:: Exercise aim ::
Images are not wanted; transcribe the rest of the listing exactly.

:: Recorded information ::
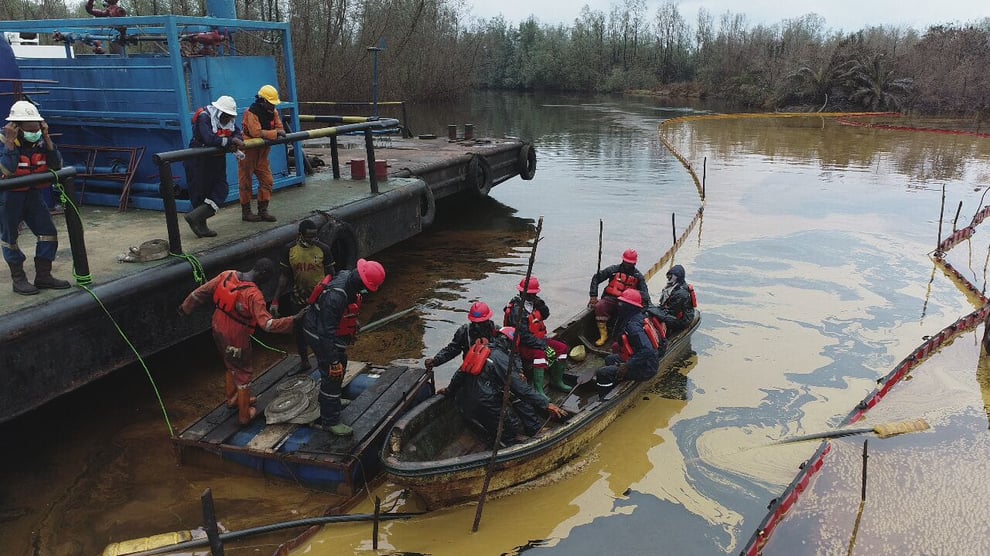 PAP Trains Additional 450 Ex-Agitators In Oil Spill Response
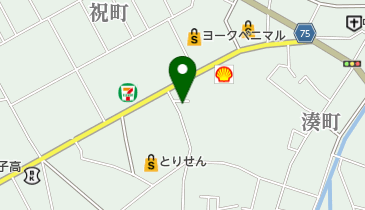 日本調剤下都賀薬局の地図画像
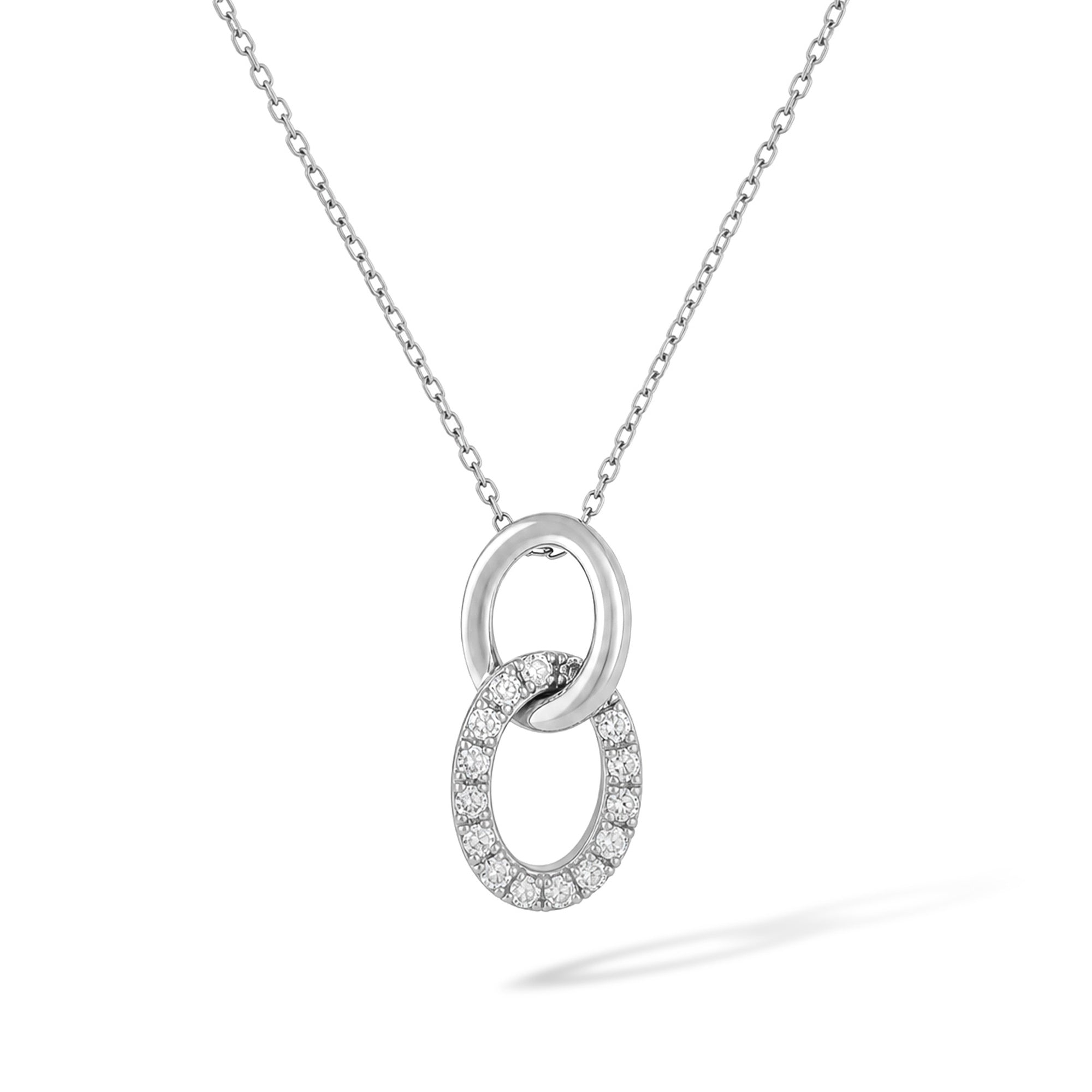 Colgante "Forever Linked" Diamantes 0,11/14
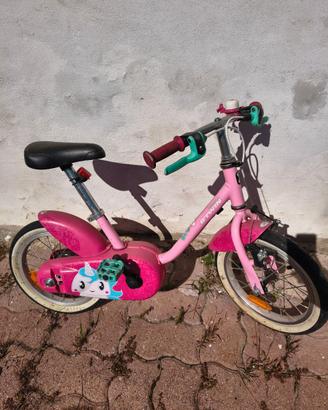 Bicicletta 3/5 anni bimba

:: Solution to the exercise ::
 PAP Trains Additional 450 Ex-Agitators In Oil Spill Response
 日本調剤下都賀薬局の地図画像
 Colgante "Forever Linked" Diamantes 0,11/14
 Bicicletta 3/5 anni bimba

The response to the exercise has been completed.